Problem with fragmentation? NPS won't authenticate clients

Hi all I have the following setup

2x RRAS servers running Windows Server 2019 Using EAP-TLS for SSTP and IKEv2 authentication
1x NPS Server ( Server 2016) on prem for the RADIUS authentication (working)
1x NPS Server (Server 2016) in Azure for backup RADIUS authentications (broken)

I am trying to create a backup NPS server in Azure (we have a VPN connection to Azure) but im having problems with the authentication.

The client's connection times out and I get the following error in the client's event viewer:
CoId={E4FD7873-208A-0000-4B26-00E58A20D701}: The user SYSTEM dialed a connection named Always On VPN - User which has failed. The error code returned on failure is 812.

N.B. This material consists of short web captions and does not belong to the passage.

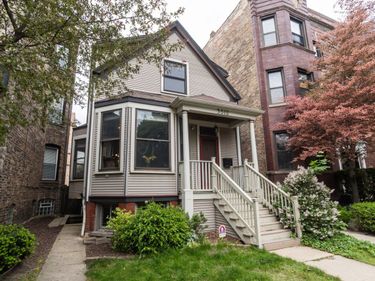 3512 N Bosworth Avenue, Chicago, IL 60657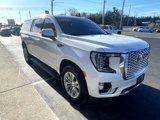 Used 2022 GMC Yukon XL SLT w/ SLT Premium Package image 6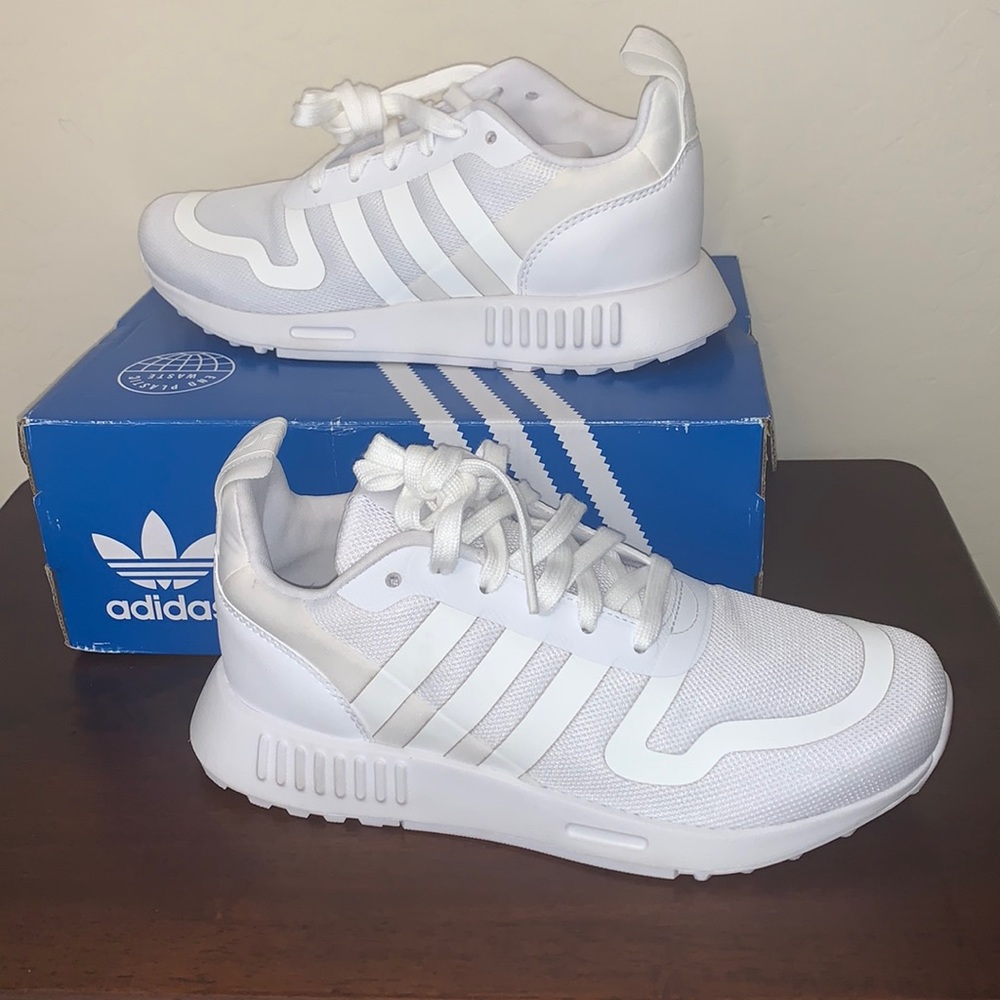 ADIDAS BRAND NEW IN BOX SIZE 5.5 MULTIX J ALL WHITE ATHLETIC SHOES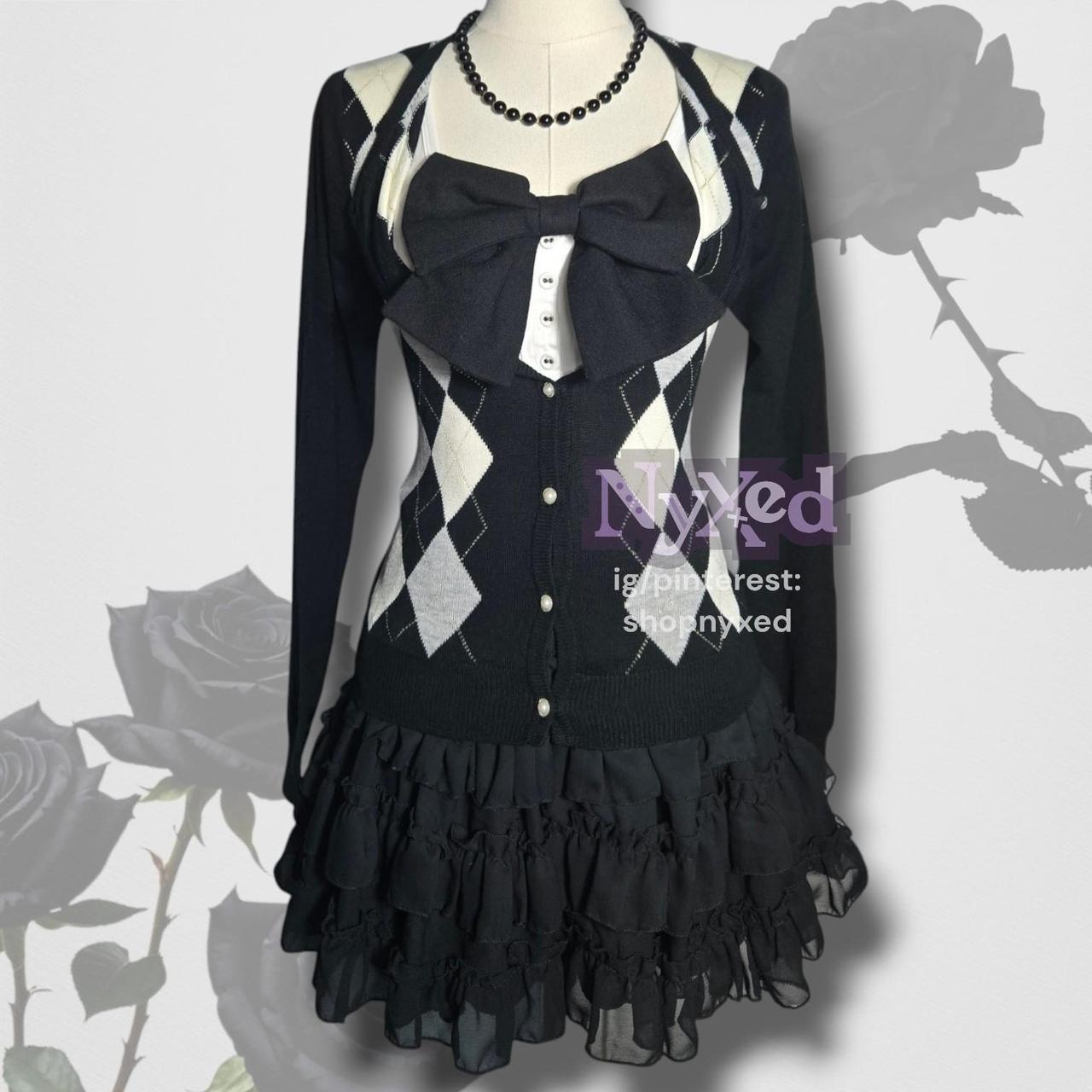 item listed by nyxed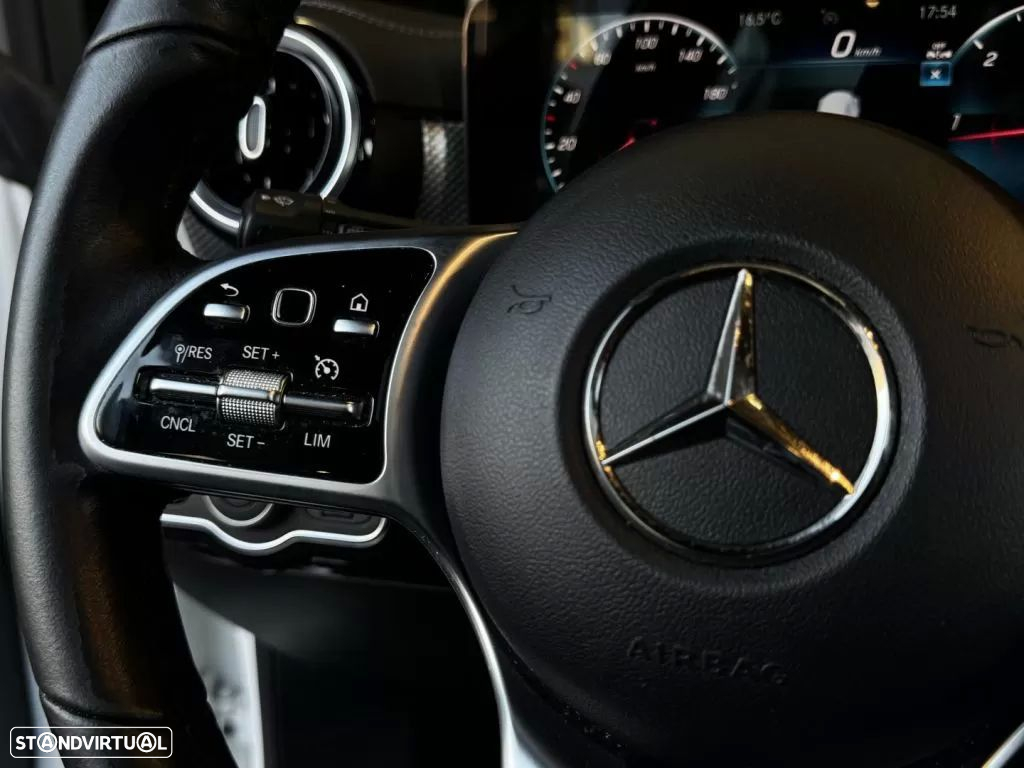 Mercedes-Benz CLA 200 - 26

On the RRAS side I get the following: }:

The user user@company.com connected from 1.2.3.4 but failed an authentication attempt due to the following reason: The connection was prevented because of a policy configured on your RAS/VPN server. Specifically, the authentication method used by the server to verify your username and password may not match the authentication method configured in your connection profile. Please contact the Administrator of the RAS server and notify them of this error. and CoId={E4FD7873-208A-0002-CA27-FFE48A20D701}: The following error occurred in the Point to Point Protocol module on port: VPN1-499, UserName: user@company.com. The connection was prevented because of a policy configured on your RAS/VPN server. Specifically, the authentication method used by the server to verify your username and password may not match the authentication method configured in your connection profile. Please contact the Administrator of the RAS server and notify them of this error.

Both NPS servers have identical configuration but on prem one works and Azure doesn't.

I ran wireshark on the broekn NPS server and saw a lot of fragmentation:

81153-broken-radius.png

A capture on the working server shows no fragmentation, and then I see the "Access-Accept" and the client gets connected:

81201-working-radius.png

I never see "Access-Accept" on the broken server.

I tried adjusting the MTU on the NPS server and using the "Framed-MTU" setting inside the NPS network policy set to 1344 but neither helped.

Does anyone have any ideas?

I read online that EAP-TLS doens't work properly with fragmentation and this is really the only clue of the solution I have...


azure-virtual-machineswindows-server-2016
broken-radius.png (67.7 KiB)
working-radius.png (41.1 KiB)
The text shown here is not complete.